10 JUNE
FORTY INDIAN MUTINEERS BLOWN FROM GUNS
[ 10 June 1857 ]
On this day in 1857, Herbert Edwardes, the British political officer at Peshawar, ordered forty captured Indian mutineers to be blown from guns, a method of execution in which the victim was tied to the mouth of a cannon which was then fired. As the body parts were scattered over a wide area, it prevented Hindu and Muslim soldiers even from the right of a proper funeral, so effectively extending the punishment beyond death.[1]

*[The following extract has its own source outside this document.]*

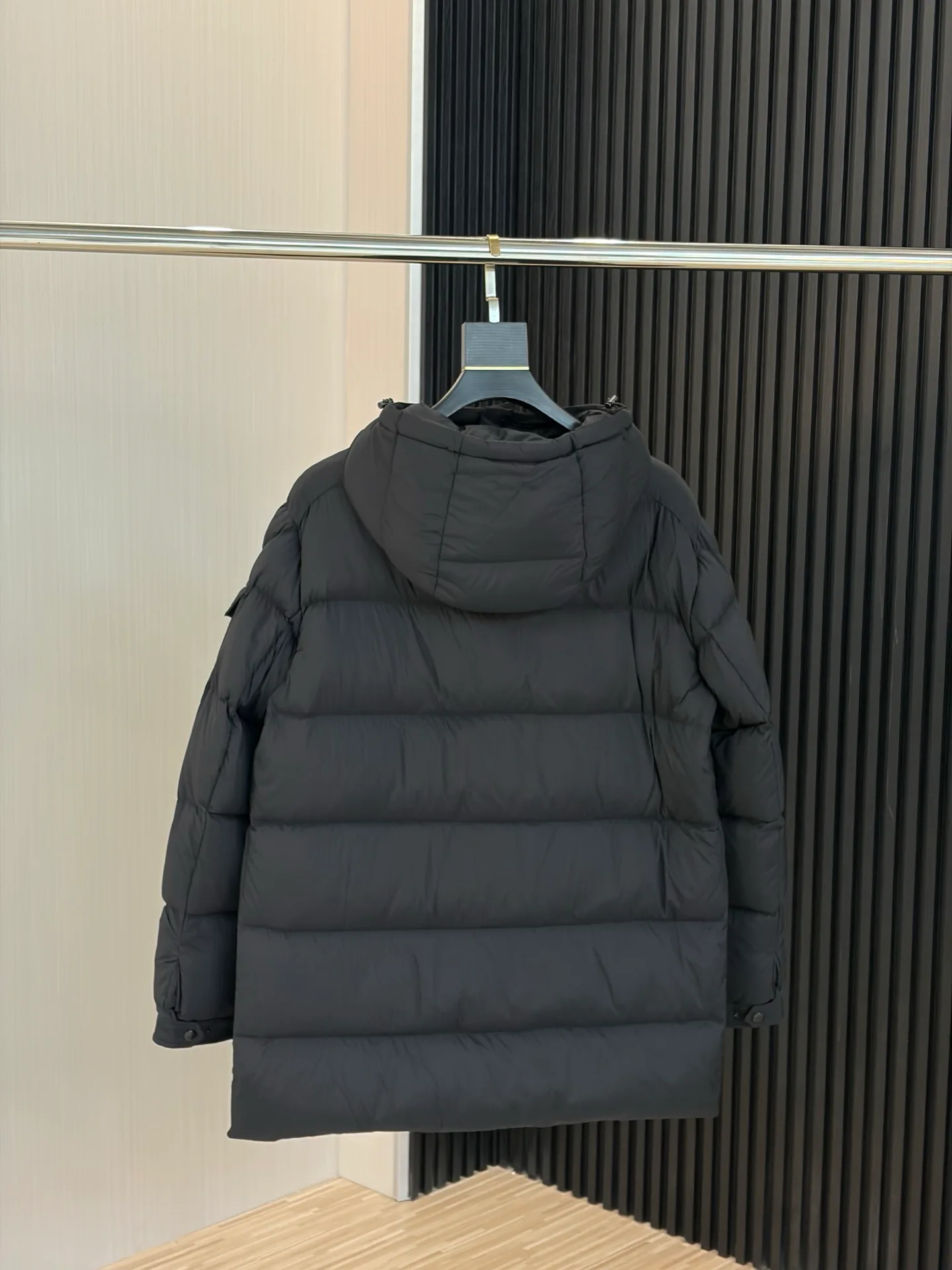 Women's Jackets And Down Jackets MONCLER 18323847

According to a British correspondent, “all met their fate with firmness,” except for “two who would not be tied up; so to save them, they were dropped to the ground and their brains blown out by musketry.” The remaining executions were then carried out “in the presence of the whole force, a fearful but necessary example which had struck terror into their souls;” the reporter adding “such a scene I hope never again to witness, human trunks, heads, legs, arms etc flying about in all directions.”[2]
FOOTNOTES
- Saul David, (2007), “Victoria’s Wars: The Rise of Empire,” Penguin Books, London p322.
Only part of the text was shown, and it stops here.